Saturday, March 9, 2013

Give Me A Double Shot of Krugman



Both good pieces. The first on why austerians in the US are wrong, the second on the damage austerity has done to the UK economy.   Surprise!  Contractionary policy is contractionary.  But they don't care about deficits. They care about keeping taxes low on rich people (with a side order of kicking the poors). 
 
Anyone who is serious (as opposed to Serious) about matters fiscal knows that it's highly misleading just to focus on the raw deficit numbers (ONE TRILLION DOLLARS), for two reasons.

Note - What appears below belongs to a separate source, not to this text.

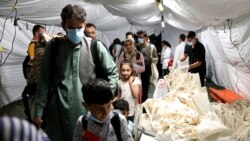 Evacuated citizens from Afghanistan arrive at Tirana International Airport in Tirana, Albania, Friday, Aug. 27, 2021. Albania agreed to host Afghan refugees while they are being vetted for visas for the US.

First, fluctuations in the deficit tend to be driven by the business cycle; when the economy slumps, revenues fall and some kinds of expenditure, like unemployment benefits, rise. You want to take out these "automatic stabilizers" when assessing the underlying state of the budget.

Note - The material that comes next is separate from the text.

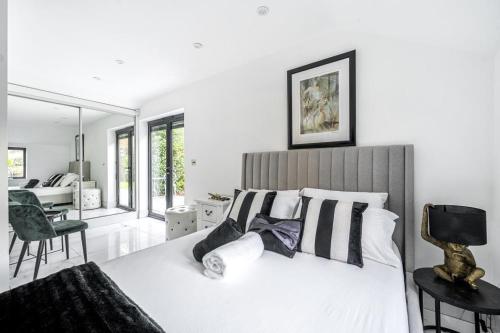 a bedroom with a large white bed with black and white pillows at Luxury Ascot Villa Steps from Royal Ascot, 5 mins to Legoland Windsor Resort, 10 mins to Windsor Castle in Ascot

Second, we don't have to balance the budget to have a sustainable fiscal position; all we need is to ensure that debt grows more slowly than GDP.

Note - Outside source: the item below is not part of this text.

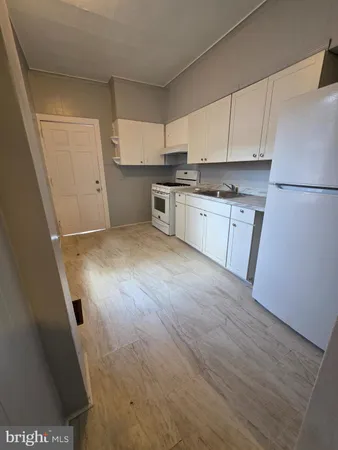 a kitchen with cabinets and wooden floor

I was particularly struck by the way Cameron is still claiming that Britain's low interest rates show that his policy is successful and necessary. This is a bit like the high priest sacrificing a virgin once a month to ensure that the sun keeps rising, then claiming that the fact that the sun has risen proves that the sacrifice was indeed necessary. The obvious test is to compare Britain with other countries; if Britain's 2.07 percent bond yield validates his policies, does America's 2.05 percent yield validate Obama's? Or better yet, does France's 2.10 percent yield validate Hollande's? Or is the point, perhaps, that every country that borrows in its own currency (or, in the case of France, finally has a central bank willing to do its job by providing liquidity) can now borrow cheaply?